Husen, Santi, Iwan, dan kamu lantas mengisahkan peristiwa-peristiwa sejenis yang pernah terjadi di sekolah masing-masing sambil terus melangkahkan kaki menuju Texas College, tempat kursus bahasa Inggris. Iwan bercerita bahwa ia pernah mendapat nilai lima untuk pelajaran Matematika. Dan guru yang mengampu mata pelajaran itu malah berkata begini kepada Iwan: "Makanya Wan, ikut les di rumah Bapak biar kau dapat nilai bagus."

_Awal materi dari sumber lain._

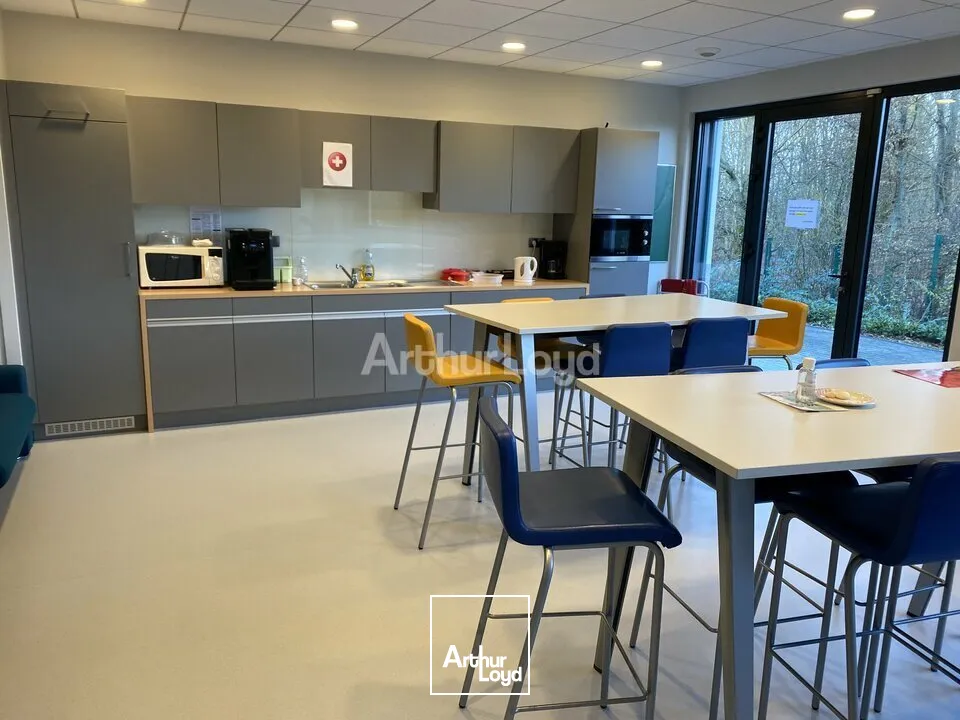 BUREAUX à LOUER de 364 m²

Kamu hanya perlahan tapi pasti, menyadari bahwa hidupmu kian teratur. Bangun pagi, mandi, membersihkan rumah, lantas ke sekolah. Kemudian pulang, membantu ibu, bermain dengan teman-temanmu, belajar di malam hari dan tidur. Itu rutinitasmu sampai seragam es-em-a yang kamu pakai dicorat-coret; tanda kamu selesai sekolah (yang berarti kamu dihadapkan pada pilihan: kerja atau kuliah).

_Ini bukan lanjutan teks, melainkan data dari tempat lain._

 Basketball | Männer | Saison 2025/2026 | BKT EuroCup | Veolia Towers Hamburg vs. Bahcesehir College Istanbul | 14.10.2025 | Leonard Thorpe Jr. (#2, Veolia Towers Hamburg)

Hidup yang teratur itu membuatmu paham satu hal saja. Keteraturan hanya akan menabukan keluarnya pertanyaan-pertanyaan yang remeh.

***

Wow, perhatikanlah orang dewasa yang melangkah tergesa di jalanan itu. Bahagiakah orang yang ketika berjalan tak sempat melihat keadaan sekitar? Kamu tentu tak tahu. Namun, kamulah orang dewasa itu.

Duniamu penat, tak lagi hangat. Tapi hidup terus berjalan; jentera tak bisa dicegah untuk terus berpindah. Keteraturan membuatmu seringkali hilang kesabaran. Kini, kamu tak segan membentak orang-orang yang kamu anggap tak sejalan denganmu.

Bagimu, sekarang, hidup yang berarti ialah menjalani hal-hal besar dan meninggalkan segala sesuatu yang kecil, yang remeh.

O, lihatlah dirimu yang sudah tak polos lagi. Kamu memang telah berwarna, dan hanya ada satu warna pada dirimu. Maka wajar saja kalau Sandra, temanmu satu organisasi kemahasiswaan, menjulukimu "manusia paling tega". Kamu punya alasan: "Hidup itu gampang saja, San. Mereka ikut kita atau sebaliknya. Tapi, sekarang kan kita punya kuasa. Sah dong kalau kita memaksa mereka untuk manut ke kita."

Kamu memang bukan Malin Kundang. Tapi kamu telah serupa batu walau ibu tak mengutukmu. Semua ini terjadi, karena kamu mungkin sudah sangat lupa pada satu kesabaran yang maha sabar, ketangguhan yang paling tangguh, dan kelembutan yang mengalahkan sutra. Pikiranmu tak pernah lagi mengelana pada satu ibu yang kamu kenal di masa kecilmu.

Seputaran Gumuk Kerang, 2008

Dhe A Sujana, lahir pada 21 Desember 1983. Alumnus Program Studi Sosiologi Fisip Universitas Jember. Saat ini bermukim di Jember, Jawa Timur. Sejumlah puisi dan cerpen termuat di berbagai media dan antologi bersama.